*** Supplied information ***

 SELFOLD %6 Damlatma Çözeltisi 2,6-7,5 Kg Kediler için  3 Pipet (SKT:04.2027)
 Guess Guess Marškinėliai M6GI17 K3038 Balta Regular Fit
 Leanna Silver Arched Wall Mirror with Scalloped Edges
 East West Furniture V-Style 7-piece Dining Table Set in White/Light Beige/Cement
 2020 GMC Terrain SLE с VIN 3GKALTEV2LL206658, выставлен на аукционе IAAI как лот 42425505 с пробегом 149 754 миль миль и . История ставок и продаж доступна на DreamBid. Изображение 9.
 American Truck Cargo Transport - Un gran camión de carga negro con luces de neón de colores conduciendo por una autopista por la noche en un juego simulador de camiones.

*** End of Supplied information ***
*** Supplied information ***

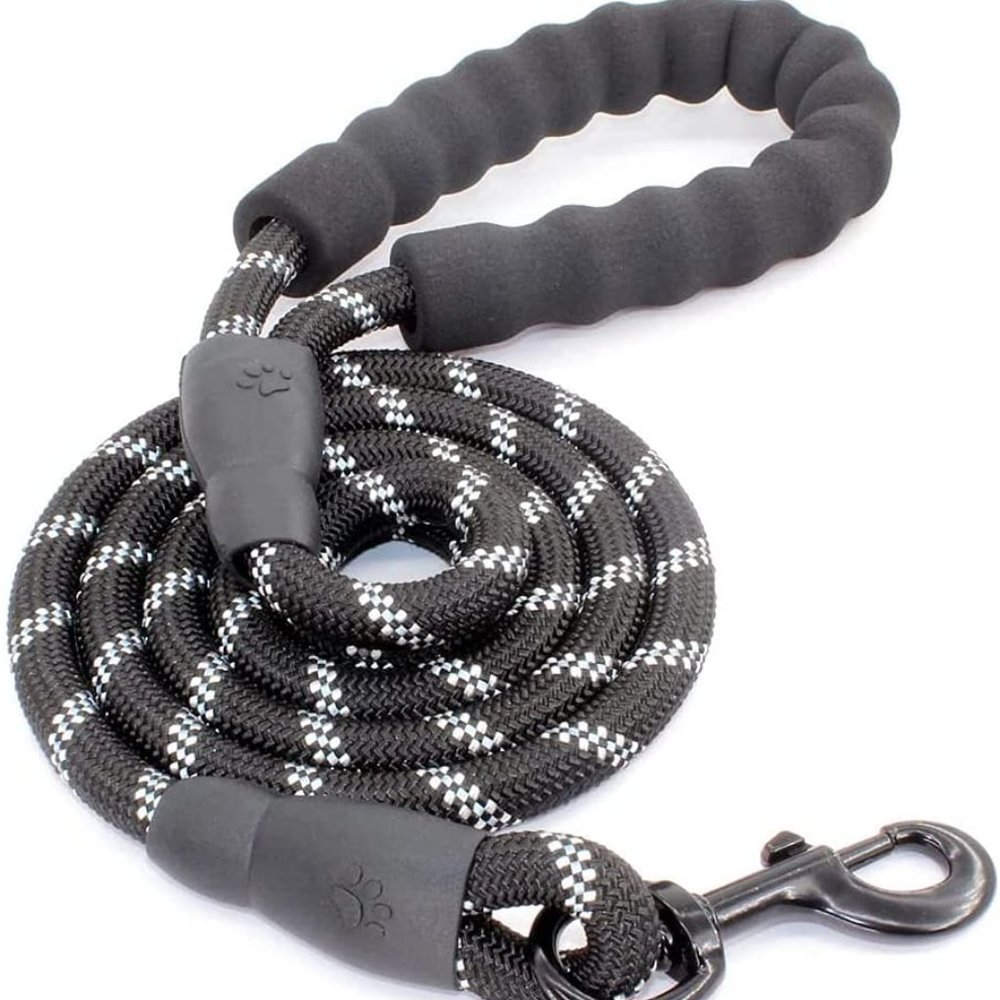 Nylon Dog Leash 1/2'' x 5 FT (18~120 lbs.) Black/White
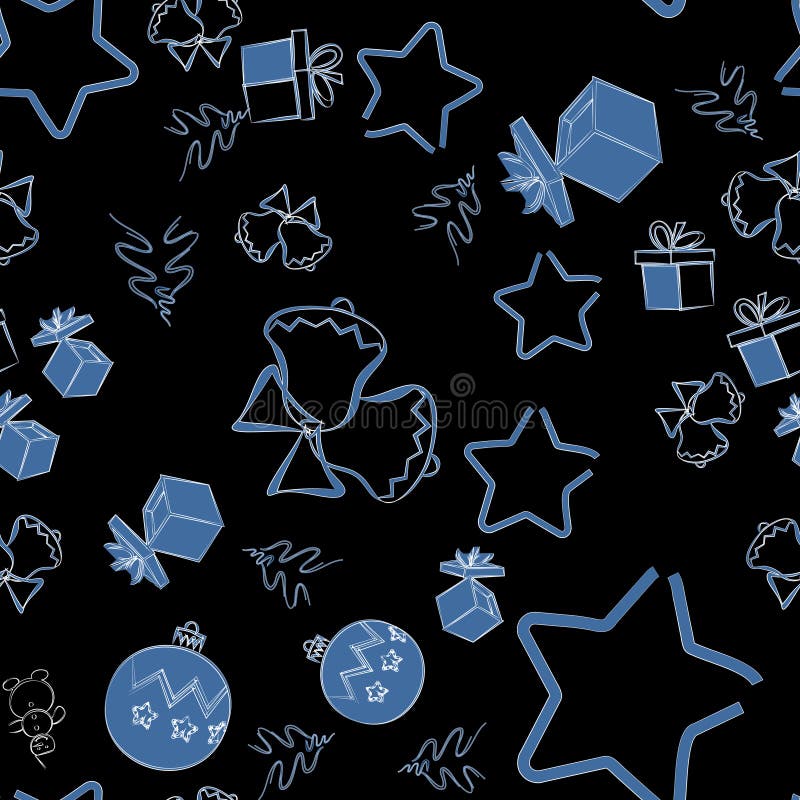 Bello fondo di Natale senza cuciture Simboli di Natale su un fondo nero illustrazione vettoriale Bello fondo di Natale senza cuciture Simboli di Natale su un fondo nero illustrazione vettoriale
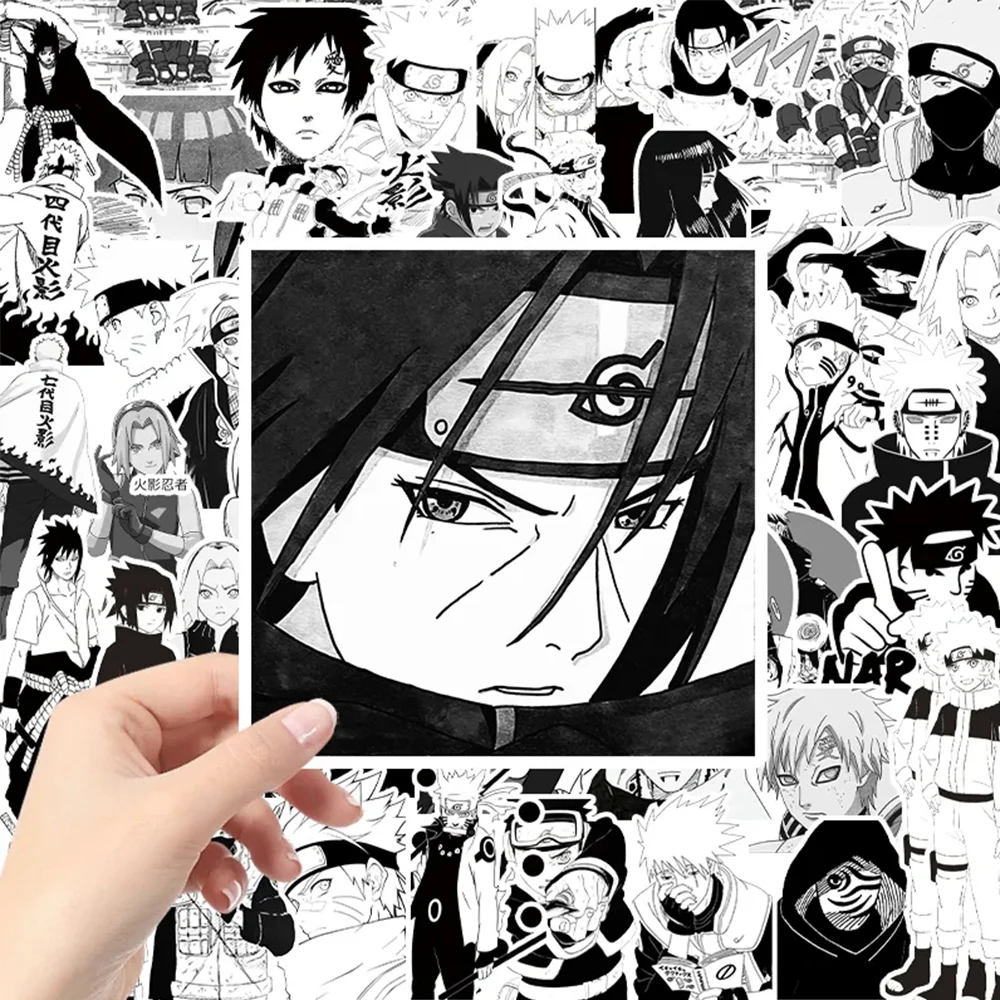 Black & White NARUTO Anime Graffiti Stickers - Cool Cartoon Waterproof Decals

*** End of Supplied information ***

* [Task requirements]: Find "Guess Guess Marškinėliai" in the entries above and copy that whole line exactly, then each line after it through the line that contains "American Truck Cargo".

* [Exercise result]:
 Guess Guess Marškinėliai M6GI17 K3038 Balta Regular Fit
 Leanna Silver Arched Wall Mirror with Scalloped Edges
 East West Furniture V-Style 7-piece Dining Table Set in White/Light Beige/Cement
 2020 GMC Terrain SLE с VIN 3GKALTEV2LL206658, выставлен на аукционе IAAI как лот 42425505 с пробегом 149 754 миль миль и . История ставок и продаж доступна на DreamBid. Изображение 9.
 American Truck Cargo Transport - Un gran camión de carga negro con luces de neón de colores conduciendo por una autopista por la noche en un juego simulador de camiones.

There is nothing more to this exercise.